Featured image of post Efficient and Cost-Effective: My AI Agent Workflow Choice

Efficient and Cost-Effective: My AI Agent Workflow Choice

Sharing my efficient and cost-effective workflow using OpenCode + Gemini 3 Flash

语速

Claude Code’s $100/month price tag is a bit steep for many. To address this, I’ve been experimenting with a more practical and affordable workflow.

In terms of models, my recommendation is to use Gemini 3 Flash on an as-needed (pay-as-you-go) basis as a replacement.

Why? Gemini 3 Flash offers incredible value. It’s fast, efficient, and costs a fraction of what you’d pay for Opus or Sonnet. For the vast majority of tasks, Flash is more than enough.

The Cost-Saving Workflow

Here is my current “budget” workflow:

  • Planning & Proposals: Use Gemini 3 Flash.
  • Execution & Building: Use the free GLM 4.7 (or MiniMax M2.1) via OpenCode. If you have a Zhipu Coding Plan, that works perfectly too.

Speaking of Gemini 3, we have to talk about GPT-5.2.

Many engineers still rely on ChatGPT.com directly instead of using a proper coding agent. Regardless of the efficiency debate, the reliability is concerning. From my experience, GPT-5.2’s default tone has been tuned to be overly “people-pleasing,” which might not be ideal for professional developers seeking direct technical feedback.

GPT-5.2 Response Tone

Furthermore, while GPT-5.2 scored impressively on SWE-bench Verified, my real-world experience has been mixed. It’s worth looking at the history of SWE-bench:

Originally proposed by a team from Princeton University (ICLR 2024), it evaluates a model’s ability to solve real GitHub issues. However, in August 2024, OpenAI’s Preparedness team collaborated with the original authors to create SWE-bench Verified (a subset of 500 manually verified issues). Since OpenAI was involved in the design of this benchmark, their models’ performance on it should be taken with a grain of salt. While not necessarily a deliberate manipulation, the risk of inherent bias is significant.

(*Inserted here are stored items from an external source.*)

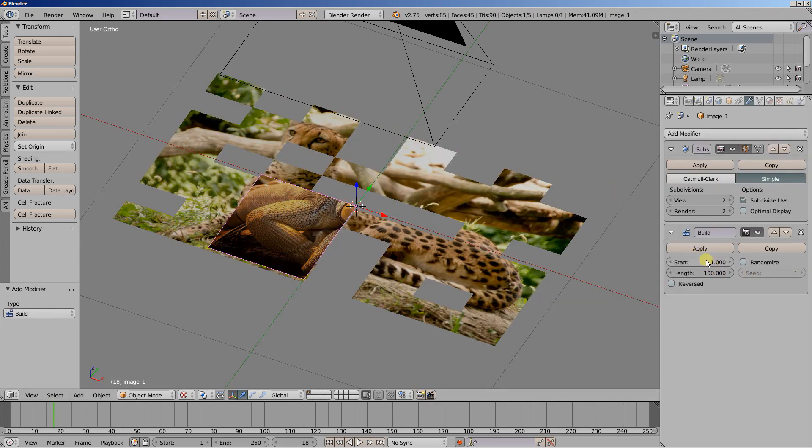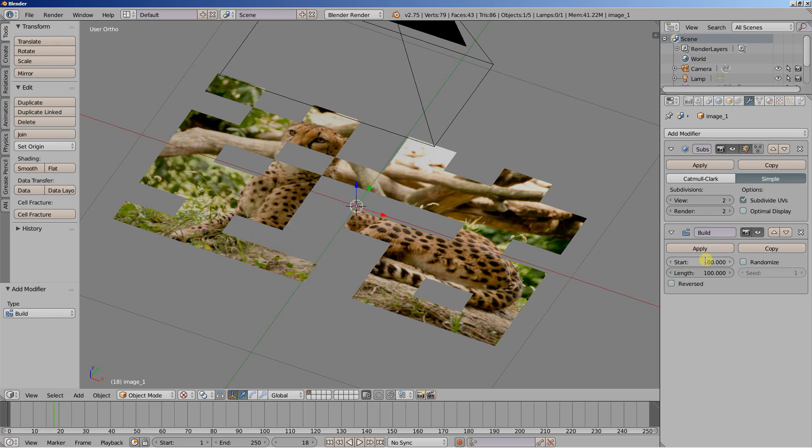And I want to start at frame, let's say, 100. And again, set the length to 25. Randomize. And let's set the seed. Let's set the seed for this one from 1 to 3.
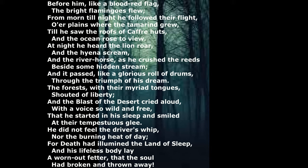The forests, with their myriad tongues, shouted of liberty. And the blast of the desert cried aloud, with a voice so wild and free, that he started in his sleep, and smiled at their tempest's glee.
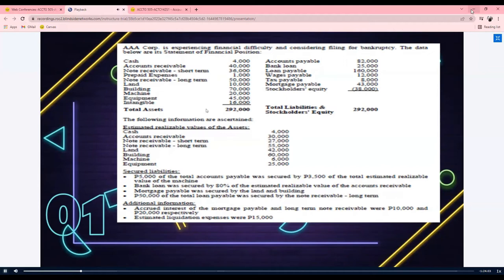There is no estimated realizable value given for prepaid expenses and intangible assets. Under corporate liquidation, we are no longer in a going concern. Therefore, if the problem is silent on the estimated realizable value, it has to be zero. Take note of that.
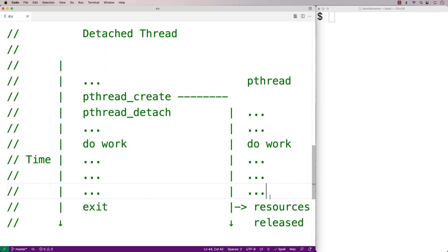There are many potential use cases for this type of thread. For example, if our program has a background process we want to occur periodically, that would be a great candidate for a detached thread. In this video, we'll create an example program where a log function runs in the background, writing the current day, time, and program state to a log file every second.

Ultimately, as I often say, “Codex” models don’t always deliver the most practical results in everyday coding.

OpenCode Tips

  1. Leveraging Agents: OpenCode supports launching SubAgents. When debugging complex projects, you can have OpenCode launch agents in different directories to handle front-end and back-end tasks separately, which also helps avoid permission issues.

  2. OpenSpec: Cross-Agent Collaboration:

    1
    2
    3
    4
    
    1. OpenCode + Gemini 3 Flash → Generate proposal
    2. Codex → Code Review
    3. Claude Code → Secondary Review
    4. OpenSpec Apply → Final Execution
    

    OpenSpec generates reliable specs, but sometimes cheaper models produce lower-quality code. In such cases, you can generate multiple times using the spec and select the best result.

Final Thoughts

As AI Agent engineers, we need to adapt to these ongoing trends:

  1. Models are becoming smarter.
  2. Execution is becoming faster.
  3. Prices are dropping.

While these trends are promising, we still need to balance speed, cost, and quality for every task. We might soon see agent systems that automate this balancing act, but for now, it’s a crucial part of the engineer’s role.